Gagnée par ce bain de jouvence, sous l'emprise d'un état paradisiaque notre narratrice de manière dithyrambique et suave allonge sa prose « à l'horizontale sur les tapis ou à la verticale, le professeur de yoga leur a appris à respirer, à méditer et à se détendre à travers des techniques et postures qu'ils pourront refaire facilement chez eux.... L'atelier de sieste flash a remporté tous les suffrages... Cet apprentissage les a amenés dans un état de repos total sans tomber dans le piège de la sieste qui peut amoindrir les performances au réveil si elle est trop longue ».
Quel lyrisme ! Que c'est beau ! Quelle tendresse ! J'ai avalé ces lignes. J'ai retenu ma colère. Celle-ci apaisée, j'ai relu avec délectation, ironie pour mieux appréhender le style de l'écrivain en phase avec la situation. Mais loin de tomber dans le piège du sommeil total, je fus au contraire inondé de mépris et de dédain.
Le précédent numéro de JourPoste relatait la convention des cadres de la Banque Postale en « désertion » à St Malo. Pour eux, pas de yoga... mais un rallye en 2CV. Les résultats 2015 pourraient les entraîner à la hausse vers des 4L ou à la baisse vers une brouette. Je ne parviens pas à accepter l'existence de telles méthodes d'asservissement de l'être humain.
Quel mépris envers la grande masse des postiers contraints de subir au quotidien des mesures drastiques, des pressions, des remarques désobligeantes, des restructurations qui altèrent leurs vies professionnelles et familiales !

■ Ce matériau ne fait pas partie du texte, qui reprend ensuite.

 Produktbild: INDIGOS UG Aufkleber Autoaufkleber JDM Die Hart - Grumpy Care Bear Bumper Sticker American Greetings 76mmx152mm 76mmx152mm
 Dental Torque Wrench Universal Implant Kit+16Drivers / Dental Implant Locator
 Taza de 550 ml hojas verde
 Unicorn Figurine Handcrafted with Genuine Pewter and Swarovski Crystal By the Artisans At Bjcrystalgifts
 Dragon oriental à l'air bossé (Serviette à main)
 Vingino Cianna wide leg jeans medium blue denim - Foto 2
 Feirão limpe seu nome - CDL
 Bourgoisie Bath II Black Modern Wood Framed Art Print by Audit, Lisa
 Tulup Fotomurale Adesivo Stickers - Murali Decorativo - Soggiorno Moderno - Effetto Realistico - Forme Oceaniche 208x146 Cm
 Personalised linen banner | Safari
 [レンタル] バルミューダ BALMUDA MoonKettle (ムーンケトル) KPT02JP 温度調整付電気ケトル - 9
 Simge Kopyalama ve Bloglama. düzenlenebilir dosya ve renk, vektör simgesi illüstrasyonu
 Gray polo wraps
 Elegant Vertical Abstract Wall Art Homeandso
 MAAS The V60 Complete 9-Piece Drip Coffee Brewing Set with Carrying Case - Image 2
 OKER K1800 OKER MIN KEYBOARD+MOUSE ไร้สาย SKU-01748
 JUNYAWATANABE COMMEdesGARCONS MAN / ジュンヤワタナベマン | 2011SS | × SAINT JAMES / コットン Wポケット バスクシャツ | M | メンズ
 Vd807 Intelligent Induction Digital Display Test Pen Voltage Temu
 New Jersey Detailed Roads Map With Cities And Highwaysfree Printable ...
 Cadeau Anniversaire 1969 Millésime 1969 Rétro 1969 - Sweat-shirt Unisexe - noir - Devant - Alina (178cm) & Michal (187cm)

Nos cadres n'auraient-ils pas besoin de formation sérieuse dans leurs domaines de compétence et surtout dans la gestion du personnel ? Leurs carences, sur ce dernier point, sont patentes et probablement entretenues par la hiérarchie.
N'ont-ils pas honte sur la photo ? Pourquoi se cachent-ils le visage de manière à ne pas être distingués ? Ce mouvement de yoga est vraiment approprié ! Qui a refusé le jeu de cette pratique sectaire ? Un jour viendra où du Viaduc de Millau, l'ordre leur sera donné de sauter. Malgré tout, j'ose espérer qu'ils seront pourvus d'un élastique.
Je suggère à tous les postiers d'appliquer à la lettre la « sieste flash » préconisée lors de cette convention pour mieux, comme le souligne, le cadre dont je tairai le nom, « prendre conscience de mon corps progressivement, ça m'a complètement détendu. Les ateliers permettent aussi de se découvrir en collectif et de briser la glace avec des collègues ».
« A renouveler », conclut-il avec enthousiasme. La glace a-t-elle vraiment été brisée, lors de ce « zen, soyons zen » ? La narratrice envoutée ne l'affirme pas. Sur la photo, cela ne transpire pas. Je lis plutôt l'anxiété, la contrainte, la soumission, la peur de l'affirmation de soi.
Mais peut-être a-t-elle été brisée sur les tapis à l'horizontale. Et là, je crains le pire... d'autant que la parité est loin d'être respectée. Mais après tout... détendons-nous !
Pourquoi m'insurger devant un tel déferlement de « bien-être »? Parce que La Poste par ailleurs renâcle au bien être de la quasi-totalité des agents. Elle déploie son énergie à rechercher des gains de productivité. Les conventions, les évasions, les restaurants, les récompenses, les gratifications, réservés à une caste, sont-ils sources de gain en retour ou plutôt une forme sectaire de gestion des cadres ?
Les initiateurs de cet « art » sont à plaindre. Sous cape, ils doivent se gausser de la stupidité, du manque de personnalité de leurs subalternes collaborateurs.
Accepter cela, c'est violer sa dignité.
La soumission engendre le mal être.
Le bien-être au travail ? Un euphémisme.
Pour tenter de l'approcher, il convient de ne jamais abandonner le combat.